Heres’s a list of “Exclude” URLs (with domain removed). Essentially SF just ignores these because they were outside the scope of the pages I could control and those teams had other ways to handle link-checking.
https://www.------.com/events.*
https://www.------.com/login/.*
https://www.------.com/technology/about/.*
https://www.------.com/en/?
https://www.------.com/privacy.*
https://www.------.com/technology/contact/.*
https://www.------.com/technology/events/.*
https://www.------.com/technology/site-index.jsp
https://www.------.com/ngw/etc/designs/.*
https://www.------.com/en/ruxitagentjs_ICA2SVfqr_10137171222133618.js
https://www.------.com/it-glossary/
Screaming Frog can hit multiple pages at once, but if you want to go nice and easy, you can change the Configuration -> Speed and lower the Max Threads. Check the box and reduce the number of URLs a second (you can also enter a .5 to have it crawl 1 URL every 2 seconds). I would often run SF in the background while I worked, with 1 thread and .5 URL/s. My laptop didn’t notice it.
Custom Links
Say you want to check if any page has a specific word or phrase. Maybe you just started using a new slogan and want to scrub the old one. WordPress allows you to search for words and phrases in a post, but CMSes like Adobe Experience Manager, incredibly, do not handle this well. For AEM, Screaming Frog allowed us to find these types of things using their Custom Search.
Custom Extraction
When I was working on that AEM project, IT built a component that, under certain circumstances, created an empty link — the tag looked like this <a>Something, something, etc</a>
. It wasn’t caught during testing or approval phases and it got in the wild and became a problem. The IT team said they couldn’t find all of the places it occurred, so I used the “No Href Links” line above to find them and fix them in an hour.

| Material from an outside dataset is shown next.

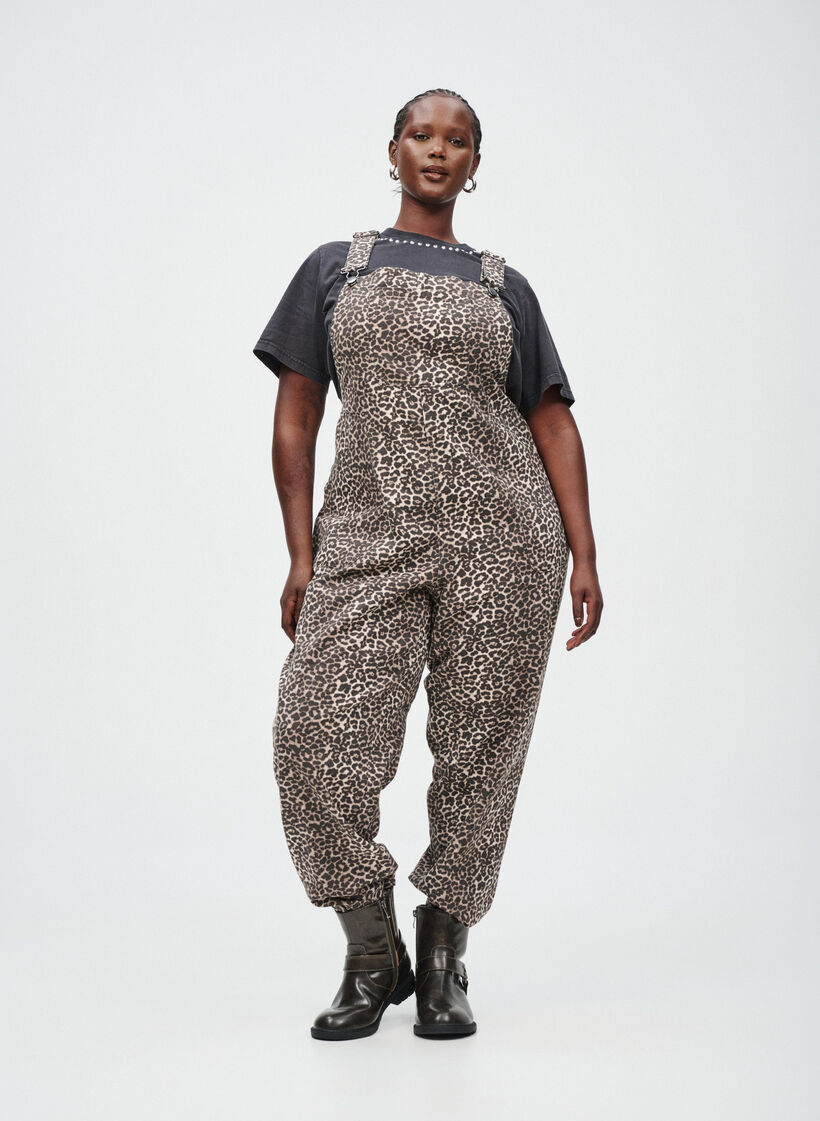 Leopardmønstret denim-snekkerbukse., Light LEO, Image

We also had a lot of issues with AEM Authors not creating “mailto:” and “tel:” links, where appropriate. The “mailto” issue becomes obvious as a 404 page because the links would end up looking like:
https://www.website.com/event/email@example.com
But I added a custom extraction for it, and the “tel:” for clicking the link on a mobile browser and having it pop up a telephone number.
404 Bonanza We absorbed a set of AEM pages into our team about halfway through my tenure in the position and it was quickly clear that they had tons of 404 errors. Management asked us to fix them but with a low priority. A coworker and I took the list — probably a 1,000 URLs at the beginning, and we would go in and fix each one, little by little. In AEM, it could take a few weeks to do all of them working full time, but we just divvied up 25 or 50 per week and eventually we only had a few recently-introduced errors to deal with. I don’t think upper management ever really thought it was a problem, but it took up some support team time, and other resources and once they were all done those teams had a few hours extra a week, which was a small cost savings for the company.
All it all, it checked around 15k pages every week and helped keep the site clean.